> _Instructions to follow_
From the first line to the last, print the records exactly.

++++ Entries shown ++++

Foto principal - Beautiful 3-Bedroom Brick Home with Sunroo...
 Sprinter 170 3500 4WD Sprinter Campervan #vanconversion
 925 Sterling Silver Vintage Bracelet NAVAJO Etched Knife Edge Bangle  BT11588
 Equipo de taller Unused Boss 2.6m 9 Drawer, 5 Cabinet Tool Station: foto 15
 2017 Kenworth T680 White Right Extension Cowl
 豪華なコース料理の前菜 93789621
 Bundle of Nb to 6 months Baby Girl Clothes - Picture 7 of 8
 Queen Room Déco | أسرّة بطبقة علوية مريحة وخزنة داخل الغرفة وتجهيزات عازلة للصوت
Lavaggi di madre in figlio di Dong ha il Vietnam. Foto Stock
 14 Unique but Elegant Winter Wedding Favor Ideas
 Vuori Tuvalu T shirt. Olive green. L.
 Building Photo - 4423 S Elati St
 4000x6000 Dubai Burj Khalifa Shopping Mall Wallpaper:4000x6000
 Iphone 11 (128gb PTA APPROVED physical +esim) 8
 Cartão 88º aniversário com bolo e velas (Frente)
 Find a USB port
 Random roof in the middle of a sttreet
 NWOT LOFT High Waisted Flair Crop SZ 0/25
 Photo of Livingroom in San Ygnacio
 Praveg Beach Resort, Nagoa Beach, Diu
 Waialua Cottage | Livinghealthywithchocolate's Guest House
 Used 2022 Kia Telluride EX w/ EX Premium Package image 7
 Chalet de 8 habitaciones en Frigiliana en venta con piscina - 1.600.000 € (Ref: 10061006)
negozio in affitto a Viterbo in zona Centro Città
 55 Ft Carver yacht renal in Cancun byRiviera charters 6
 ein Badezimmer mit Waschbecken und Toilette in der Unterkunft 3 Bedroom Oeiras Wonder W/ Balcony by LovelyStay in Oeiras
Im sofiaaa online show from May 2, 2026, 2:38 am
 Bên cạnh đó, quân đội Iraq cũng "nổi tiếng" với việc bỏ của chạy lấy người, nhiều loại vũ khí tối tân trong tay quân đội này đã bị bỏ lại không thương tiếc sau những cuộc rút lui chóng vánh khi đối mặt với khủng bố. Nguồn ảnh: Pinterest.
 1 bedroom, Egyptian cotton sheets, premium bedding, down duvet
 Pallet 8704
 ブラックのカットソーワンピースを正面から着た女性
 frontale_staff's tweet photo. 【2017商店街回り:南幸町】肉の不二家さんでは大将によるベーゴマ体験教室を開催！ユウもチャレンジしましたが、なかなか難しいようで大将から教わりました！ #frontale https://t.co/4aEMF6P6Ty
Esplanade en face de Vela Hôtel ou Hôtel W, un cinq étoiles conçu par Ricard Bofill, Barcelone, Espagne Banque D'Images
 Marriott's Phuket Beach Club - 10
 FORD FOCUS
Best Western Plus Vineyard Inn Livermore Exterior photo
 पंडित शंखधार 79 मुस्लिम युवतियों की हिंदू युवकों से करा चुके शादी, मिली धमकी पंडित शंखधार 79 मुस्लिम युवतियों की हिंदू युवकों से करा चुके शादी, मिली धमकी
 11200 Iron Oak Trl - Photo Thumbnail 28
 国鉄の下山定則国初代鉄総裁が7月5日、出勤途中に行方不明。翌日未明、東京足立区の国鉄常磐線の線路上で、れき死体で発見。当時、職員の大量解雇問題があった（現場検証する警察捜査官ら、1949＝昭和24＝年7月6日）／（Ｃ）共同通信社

++++

> _Written solution_
Foto principal - Beautiful 3-Bedroom Brick Home with Sunroo...
 Sprinter 170 3500 4WD Sprinter Campervan #vanconversion
 925 Sterling Silver Vintage Bracelet NAVAJO Etched Knife Edge Bangle  BT11588
 Equipo de taller Unused Boss 2.6m 9 Drawer, 5 Cabinet Tool Station: foto 15
 2017 Kenworth T680 White Right Extension Cowl
 豪華なコース料理の前菜 93789621
 Bundle of Nb to 6 months Baby Girl Clothes - Picture 7 of 8
 Queen Room Déco | أسرّة بطبقة علوية مريحة وخزنة داخل الغرفة وتجهيزات عازلة للصوت
Lavaggi di madre in figlio di Dong ha il Vietnam. Foto Stock
 14 Unique but Elegant Winter Wedding Favor Ideas
 Vuori Tuvalu T shirt. Olive green. L.
 Building Photo - 4423 S Elati St
 4000x6000 Dubai Burj Khalifa Shopping Mall Wallpaper:4000x6000
 Iphone 11 (128gb PTA APPROVED physical +esim) 8
 Cartão 88º aniversário com bolo e velas (Frente)
 Find a USB port
 Random roof in the middle of a sttreet
 NWOT LOFT High Waisted Flair Crop SZ 0/25
 Photo of Livingroom in San Ygnacio
 Praveg Beach Resort, Nagoa Beach, Diu
 Waialua Cottage | Livinghealthywithchocolate's Guest House
 Used 2022 Kia Telluride EX w/ EX Premium Package image 7
 Chalet de 8 habitaciones en Frigiliana en venta con piscina - 1.600.000 € (Ref: 10061006)
negozio in affitto a Viterbo in zona Centro Città
 55 Ft Carver yacht renal in Cancun byRiviera charters 6
 ein Badezimmer mit Waschbecken und Toilette in der Unterkunft 3 Bedroom Oeiras Wonder W/ Balcony by LovelyStay in Oeiras
Im sofiaaa online show from May 2, 2026, 2:38 am
 Bên cạnh đó, quân đội Iraq cũng "nổi tiếng" với việc bỏ của chạy lấy người, nhiều loại vũ khí tối tân trong tay quân đội này đã bị bỏ lại không thương tiếc sau những cuộc rút lui chóng vánh khi đối mặt với khủng bố. Nguồn ảnh: Pinterest.
 1 bedroom, Egyptian cotton sheets, premium bedding, down duvet
 Pallet 8704
 ブラックのカットソーワンピースを正面から着た女性
 frontale_staff's tweet photo. 【2017商店街回り:南幸町】肉の不二家さんでは大将によるベーゴマ体験教室を開催！ユウもチャレンジしましたが、なかなか難しいようで大将から教わりました！ #frontale https://t.co/4aEMF6P6Ty
Esplanade en face de Vela Hôtel ou Hôtel W, un cinq étoiles conçu par Ricard Bofill, Barcelone, Espagne Banque D'Images
 Marriott's Phuket Beach Club - 10
 FORD FOCUS
Best Western Plus Vineyard Inn Livermore Exterior photo
 पंडित शंखधार 79 मुस्लिम युवतियों की हिंदू युवकों से करा चुके शादी, मिली धमकी पंडित शंखधार 79 मुस्लिम युवतियों की हिंदू युवकों से करा चुके शादी, मिली धमकी
 11200 Iron Oak Trl - Photo Thumbnail 28
 国鉄の下山定則国初代鉄総裁が7月5日、出勤途中に行方不明。翌日未明、東京足立区の国鉄常磐線の線路上で、れき死体で発見。当時、職員の大量解雇問題があった（現場検証する警察捜査官ら、1949＝昭和24＝年7月6日）／（Ｃ）共同通信社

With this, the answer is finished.